There is, in most cases, one problem: one doesn't know beforehand which parts of the genome are extremely repetitive. But MIRA can help you here as it produces most of the needed information during assembly and you just need to choose a threshold from where on MIRA won't care about repetitive matches.
The key to this are the two fail-safe command line parameters which will mask "nasty" repeats from the quick overlap finder (SKIM): [-SK:mnr] and [-SK:nrr=10]. [-SK:bph] also plays a role in this, but I'll come back to this later).
If switched on [-SK:mnr=yes], MIRA will use SKIM3 k-mer statistics to find repetitive stretches. K-mers are nucleotide stretches of length k. In a perfectly sequenced genome without any sequencing error and without sequencing bias, the k-mer frequency can be used to assess how many times a given nucleotide stretch is present in the genome: if a specific k-mer is present as many times as the average frequency of all k-mers, it is a reasonable assumption to estimate that the specific k-mer is not part of a repeat (at least not in this genome).
Following the same path of thinking, if a specific k-mer frequency is now two times higher than the average of all k-mers, one would assume that this specific k-mer is part of a repeat which occurs exactly two times in the genome. For 3x k-mer frequency, a repeat is present three times. Etc.pp. MIRA will merge information on single k-mers frequency into larger 'repeat' stretches and tag these stretches accordingly.
Of course, low-complexity nucleotide stretches (like poly-A in eukaryotes), sequencing errors in reads and non-uniform distribution of reads in a sequencing project will weaken the initial assumption that a k-mer frequency is representative for repeat status. But even then the k-mer frequency model works quite well and will give a pretty good overall picture: most repeats will be tagged as such.
Note that the parts of reads tagged as "nasty repeat" will not get masked per se, the sequence will still be present. The stretches dubbed repetitive will get the "MNRr" tag. They will still be used in Smith-Waterman overlaps and will generate a correct consensus if included in an alignment, but they will not be used as seed.
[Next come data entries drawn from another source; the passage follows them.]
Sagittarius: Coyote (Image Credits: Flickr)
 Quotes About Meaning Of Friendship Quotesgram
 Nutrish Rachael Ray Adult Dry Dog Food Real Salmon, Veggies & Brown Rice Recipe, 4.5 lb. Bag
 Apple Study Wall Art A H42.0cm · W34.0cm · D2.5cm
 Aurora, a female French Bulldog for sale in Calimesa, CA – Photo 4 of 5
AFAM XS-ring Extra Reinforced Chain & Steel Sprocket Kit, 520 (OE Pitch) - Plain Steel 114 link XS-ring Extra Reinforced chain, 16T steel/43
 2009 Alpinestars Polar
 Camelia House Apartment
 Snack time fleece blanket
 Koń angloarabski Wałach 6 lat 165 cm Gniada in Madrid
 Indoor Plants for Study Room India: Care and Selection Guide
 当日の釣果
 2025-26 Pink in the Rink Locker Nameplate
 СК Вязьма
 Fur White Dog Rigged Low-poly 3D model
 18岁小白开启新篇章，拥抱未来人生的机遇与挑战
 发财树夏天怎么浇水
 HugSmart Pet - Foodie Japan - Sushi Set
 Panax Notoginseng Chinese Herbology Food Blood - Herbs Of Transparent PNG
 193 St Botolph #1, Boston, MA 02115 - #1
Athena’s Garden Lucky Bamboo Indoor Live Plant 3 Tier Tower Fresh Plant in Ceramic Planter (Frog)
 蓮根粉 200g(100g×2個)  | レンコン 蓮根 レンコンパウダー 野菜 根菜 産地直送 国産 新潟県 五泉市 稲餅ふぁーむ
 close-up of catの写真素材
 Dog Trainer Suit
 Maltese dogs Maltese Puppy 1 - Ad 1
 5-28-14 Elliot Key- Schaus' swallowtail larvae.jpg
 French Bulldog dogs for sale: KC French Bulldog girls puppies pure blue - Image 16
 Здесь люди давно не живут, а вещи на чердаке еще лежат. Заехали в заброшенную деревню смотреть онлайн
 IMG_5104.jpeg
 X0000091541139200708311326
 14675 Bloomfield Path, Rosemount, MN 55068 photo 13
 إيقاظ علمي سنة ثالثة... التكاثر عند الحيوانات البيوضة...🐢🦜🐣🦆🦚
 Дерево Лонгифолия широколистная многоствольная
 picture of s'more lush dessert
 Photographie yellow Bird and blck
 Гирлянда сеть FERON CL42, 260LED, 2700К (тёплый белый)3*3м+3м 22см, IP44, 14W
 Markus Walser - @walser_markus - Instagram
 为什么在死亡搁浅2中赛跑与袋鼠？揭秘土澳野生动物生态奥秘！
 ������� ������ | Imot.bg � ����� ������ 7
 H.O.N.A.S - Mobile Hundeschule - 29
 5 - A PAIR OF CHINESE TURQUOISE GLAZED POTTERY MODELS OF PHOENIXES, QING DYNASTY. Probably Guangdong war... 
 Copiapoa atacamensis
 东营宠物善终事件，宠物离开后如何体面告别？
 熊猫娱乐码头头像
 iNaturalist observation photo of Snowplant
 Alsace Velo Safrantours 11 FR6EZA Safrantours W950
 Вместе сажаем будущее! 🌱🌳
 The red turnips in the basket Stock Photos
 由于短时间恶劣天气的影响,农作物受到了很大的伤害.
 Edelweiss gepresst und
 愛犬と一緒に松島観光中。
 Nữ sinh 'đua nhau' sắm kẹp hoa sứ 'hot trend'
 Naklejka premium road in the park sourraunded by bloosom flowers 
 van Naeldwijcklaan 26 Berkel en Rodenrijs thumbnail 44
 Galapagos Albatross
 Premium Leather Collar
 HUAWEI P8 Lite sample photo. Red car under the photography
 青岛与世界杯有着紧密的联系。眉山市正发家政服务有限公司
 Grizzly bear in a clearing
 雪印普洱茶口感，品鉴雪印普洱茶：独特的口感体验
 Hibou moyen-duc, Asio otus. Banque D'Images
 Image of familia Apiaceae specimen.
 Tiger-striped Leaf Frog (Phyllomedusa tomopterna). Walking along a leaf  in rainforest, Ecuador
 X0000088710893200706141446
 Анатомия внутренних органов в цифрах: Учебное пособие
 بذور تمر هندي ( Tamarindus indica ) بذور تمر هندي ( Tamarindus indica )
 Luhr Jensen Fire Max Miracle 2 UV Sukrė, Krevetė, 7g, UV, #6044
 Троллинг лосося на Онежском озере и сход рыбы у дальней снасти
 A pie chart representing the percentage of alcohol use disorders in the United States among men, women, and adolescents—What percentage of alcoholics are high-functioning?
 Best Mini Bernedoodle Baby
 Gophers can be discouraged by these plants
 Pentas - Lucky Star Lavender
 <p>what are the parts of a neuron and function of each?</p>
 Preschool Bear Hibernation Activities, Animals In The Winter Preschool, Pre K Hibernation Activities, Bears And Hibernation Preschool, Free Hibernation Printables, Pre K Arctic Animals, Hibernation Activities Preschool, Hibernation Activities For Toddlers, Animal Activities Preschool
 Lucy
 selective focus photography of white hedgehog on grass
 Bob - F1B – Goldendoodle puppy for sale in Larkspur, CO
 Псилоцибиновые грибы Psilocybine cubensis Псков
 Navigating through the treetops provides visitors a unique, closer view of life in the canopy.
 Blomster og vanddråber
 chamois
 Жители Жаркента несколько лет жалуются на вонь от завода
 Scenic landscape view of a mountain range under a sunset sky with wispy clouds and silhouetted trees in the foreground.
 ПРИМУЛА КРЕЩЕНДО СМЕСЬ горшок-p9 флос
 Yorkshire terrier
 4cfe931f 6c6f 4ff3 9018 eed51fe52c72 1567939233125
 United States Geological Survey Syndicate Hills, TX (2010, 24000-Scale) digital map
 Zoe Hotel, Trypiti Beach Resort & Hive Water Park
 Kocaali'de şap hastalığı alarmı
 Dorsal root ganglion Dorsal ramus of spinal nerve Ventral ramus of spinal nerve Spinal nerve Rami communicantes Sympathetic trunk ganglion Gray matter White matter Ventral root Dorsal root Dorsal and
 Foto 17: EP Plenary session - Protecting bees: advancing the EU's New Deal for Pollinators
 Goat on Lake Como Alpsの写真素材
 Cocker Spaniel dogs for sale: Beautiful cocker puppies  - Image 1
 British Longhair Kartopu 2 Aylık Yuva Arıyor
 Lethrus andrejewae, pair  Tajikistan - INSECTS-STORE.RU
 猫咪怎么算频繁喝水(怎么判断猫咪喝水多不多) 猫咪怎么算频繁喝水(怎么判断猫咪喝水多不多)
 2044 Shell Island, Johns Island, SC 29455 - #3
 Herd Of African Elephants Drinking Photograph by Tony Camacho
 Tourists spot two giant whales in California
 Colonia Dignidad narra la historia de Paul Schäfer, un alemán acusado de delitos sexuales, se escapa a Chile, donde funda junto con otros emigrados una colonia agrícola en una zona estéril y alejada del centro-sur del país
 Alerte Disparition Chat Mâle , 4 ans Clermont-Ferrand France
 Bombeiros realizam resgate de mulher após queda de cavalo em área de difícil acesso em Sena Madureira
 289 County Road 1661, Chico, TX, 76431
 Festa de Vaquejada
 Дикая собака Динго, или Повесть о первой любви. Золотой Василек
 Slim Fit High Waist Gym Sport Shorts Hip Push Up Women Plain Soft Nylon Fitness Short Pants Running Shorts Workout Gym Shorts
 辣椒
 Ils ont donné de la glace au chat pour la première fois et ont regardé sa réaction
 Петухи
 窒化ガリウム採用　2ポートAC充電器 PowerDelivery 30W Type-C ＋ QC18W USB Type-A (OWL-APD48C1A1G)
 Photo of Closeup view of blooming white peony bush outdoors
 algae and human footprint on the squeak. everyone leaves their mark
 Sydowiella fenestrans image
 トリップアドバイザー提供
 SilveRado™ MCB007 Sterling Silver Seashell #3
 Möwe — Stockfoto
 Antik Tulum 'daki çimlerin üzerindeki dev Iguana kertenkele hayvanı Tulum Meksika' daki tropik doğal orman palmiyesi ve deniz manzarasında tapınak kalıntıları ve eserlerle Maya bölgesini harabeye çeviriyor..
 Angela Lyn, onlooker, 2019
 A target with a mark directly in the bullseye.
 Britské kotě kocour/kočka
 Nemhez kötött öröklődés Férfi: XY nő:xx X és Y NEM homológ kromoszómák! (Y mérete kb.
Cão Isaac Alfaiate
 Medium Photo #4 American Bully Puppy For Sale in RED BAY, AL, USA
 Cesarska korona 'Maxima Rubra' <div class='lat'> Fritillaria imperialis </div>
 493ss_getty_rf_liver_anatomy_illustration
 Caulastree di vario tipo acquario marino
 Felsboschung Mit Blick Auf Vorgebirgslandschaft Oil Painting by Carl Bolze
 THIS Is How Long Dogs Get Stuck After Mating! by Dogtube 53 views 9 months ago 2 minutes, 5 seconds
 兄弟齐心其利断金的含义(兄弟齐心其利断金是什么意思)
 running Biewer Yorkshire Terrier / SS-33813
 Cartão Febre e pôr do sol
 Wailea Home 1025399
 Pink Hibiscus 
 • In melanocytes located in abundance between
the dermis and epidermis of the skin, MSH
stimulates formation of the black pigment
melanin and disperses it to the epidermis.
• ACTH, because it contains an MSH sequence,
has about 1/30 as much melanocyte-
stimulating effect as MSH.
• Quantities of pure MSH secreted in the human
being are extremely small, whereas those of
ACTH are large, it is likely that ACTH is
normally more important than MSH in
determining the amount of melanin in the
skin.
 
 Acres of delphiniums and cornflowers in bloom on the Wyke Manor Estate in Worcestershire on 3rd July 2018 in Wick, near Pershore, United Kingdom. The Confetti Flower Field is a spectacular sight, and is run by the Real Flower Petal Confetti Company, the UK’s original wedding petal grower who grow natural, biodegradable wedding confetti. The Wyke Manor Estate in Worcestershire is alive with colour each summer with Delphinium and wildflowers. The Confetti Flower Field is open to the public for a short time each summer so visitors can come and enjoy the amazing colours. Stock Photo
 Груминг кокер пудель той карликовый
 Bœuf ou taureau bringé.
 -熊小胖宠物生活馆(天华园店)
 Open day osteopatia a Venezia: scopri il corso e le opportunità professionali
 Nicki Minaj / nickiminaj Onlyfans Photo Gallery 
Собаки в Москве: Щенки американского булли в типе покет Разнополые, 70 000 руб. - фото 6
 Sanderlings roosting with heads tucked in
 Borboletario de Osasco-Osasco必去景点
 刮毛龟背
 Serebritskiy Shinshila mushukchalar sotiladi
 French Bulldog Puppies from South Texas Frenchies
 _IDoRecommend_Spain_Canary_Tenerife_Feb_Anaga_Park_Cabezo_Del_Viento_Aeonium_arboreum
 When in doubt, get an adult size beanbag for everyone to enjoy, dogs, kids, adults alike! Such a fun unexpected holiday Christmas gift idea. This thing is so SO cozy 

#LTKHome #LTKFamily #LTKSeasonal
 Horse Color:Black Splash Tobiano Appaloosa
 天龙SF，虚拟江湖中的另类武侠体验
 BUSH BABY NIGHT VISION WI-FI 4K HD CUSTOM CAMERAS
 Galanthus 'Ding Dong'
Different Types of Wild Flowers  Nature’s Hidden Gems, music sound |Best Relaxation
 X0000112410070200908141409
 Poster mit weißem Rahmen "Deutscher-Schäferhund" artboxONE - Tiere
Some reads will invariably end up being completely repetitive. These will not be assembled into contigs as MIRA will not see overlaps as they'll be completely masked away. These reads will end up as debris. However, note that MIRA is pretty good at discerning 100% matching repeats from repeats which are not 100% matching: if there's a single base with which repeats can be discerned from each other, MIRA will find this base and use the k-mers covering that base to find overlaps.
The ratio from which on the MIRA SKIM algorithm won't report matches is set via [-SK:nrr]. E.g., using [-SK:nrr=10] will hide all k-mers which occur at a frequency 10 times (or more) higher than the median of all k-mers.
The nastiness of a repeat is difficult to judge, but starting with 10 copies in a genome, things can get complicated. At 20 copies, you'll have some troubles for sure.
The standard values of 10 for the [-SK:nrr] parameter is a pretty good 'standard' value which can be tried for an assembly before trying to optimise it via studying the hash statistics calculated by MIRA. For the later, please read the section 'Examples for hash statistics' further down in this guide.
During SKIM phase, MIRA will assign frequency information to each and every k-mer in all reads of a sequencing project, giving them different status. Additionally, tags are set in the reads so that one can assess reads in assembly editors that understand tags (like gap4, gap5, consed etc.). The following tags are used:
coverage below average ( default: < 0.5 times average)
coverage is at average ( default: ≥ 0.5 times average and ≤ 1.5 times average)
coverage above average ( default: > 1.5 times average and < 2 times average)
probably repeat ( default: ≥ 2 times average and < 5 times average)
'crazy' repeat ( default: > 5 times average)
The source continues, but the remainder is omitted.